When memory_weight is not set, by default the value is 0. When Timeplus Enterprise server starts, the system will list all materialized views, ordered by the memory weight and view names, and schedule them in the proper node.

For example, in a 3-node cluster, you define 10 materialized views with names: mv1, mv2, .., mv9, mv10. If you create the first 6 materialized views with SETTINGS memory_weight = 10, then node1 will run mv1 and mv4; node2 will run mv2 and mv5; node3 will run mv3 and mv6; Other materialized views(mv7 to mv10) will be randomly scheduled on any nodes.

It's recommended that each node in the Timeplus Enterprise cluster shares the same hardware specifications. For those resource-consuming materialized views, it's recommended to set the same memory_weight, such as 10, to get the expected behaviors to be dispatched to the proper nodes for load-balancing.

Auto Load Balancing

Starting from Timeplus Enterprise v2.5, you can also apply auto-load-balancing for memory-consuming materialized views in Timeplus Enterprise cluster. By default, this feature is enabled and there are 3 settings at the cluster level:

workload_rebalance_check_interval: 30s
workload_rebalance_overloaded_memory_util_threshold: 50%
workload_rebalance_heavy_mv_memory_util_threshold: 10%

As the administrator, you no longer need to determine which materialized views need to set a memory_weight setting. In a cluster, Timeplus will monitor the memory consumption for each materialized view. Every 30 seconds, configurable via workload_rebalance_check_interval, the system will check whether there are any node with memory over 50% full. If so, check whether there is any materialized view in such node consuming 10% or more memory. When those conditions are all met, rescheduling those materialized views to less busy nodes. During the rescheduling, the materialized view on the previous node will be paused and its checkpoint will be transferred to the target node, then the materialized view on target node will resume the streaming SQL based on the checkpoint.
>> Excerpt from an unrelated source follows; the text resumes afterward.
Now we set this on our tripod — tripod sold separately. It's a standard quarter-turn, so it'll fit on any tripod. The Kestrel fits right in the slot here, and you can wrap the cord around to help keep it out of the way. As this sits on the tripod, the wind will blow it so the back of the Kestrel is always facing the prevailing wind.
Auto-Scaling Materialized Views

Starting from Timeplus Enterprise v2.8, materialized views can be configured to run on elastic compute nodes. This can reduce TCO (Total Cost of Ownership), by enabling high concurrent materialized views scheduling, auto scale-out and scale-in according to workload.
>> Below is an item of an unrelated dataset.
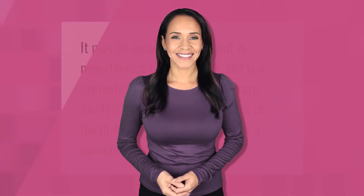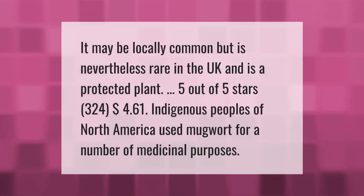It may be locally common but is nevertheless rare in the UK and is a protected plant. Indigenous peoples of North America used mugwort for a number of medicinal purposes.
To enable this feature, you need to

  1. create a S3 disk in the s3_plain type.
  2. create a materialized view by setting the checkpoint storage to s3 and use the s3 disk.
  3. enable compute nodes in the cluster, with optional autoscaling based on your cloud or on-prem infrastructure.

For example:

--S3 based checkpoint
CREATE DISK ckpt_s3_disk disk(
type = 's3_plain',
endpoint = 'https://mat-view-ckpt.s3.us-west-2.amazonaws.com/matv_ckpt/',
access_key_id = '...',
secret_access_key = '...');

CREATE MATERIALIZED VIEW mat_v_scale INTO clickhouse_table
AS SELECT
SETTINGS
checkpoint_settings=’storage_type=s3;disk_name=ckpt_s3_disk;async=true;interval=5;

DROP VIEW

Run the following SQL to drop a view or a materialized view.

DROP VIEW [IF EXISTS] db.<view_name>;

Like CREATE STREAM, stream deletion is an async process.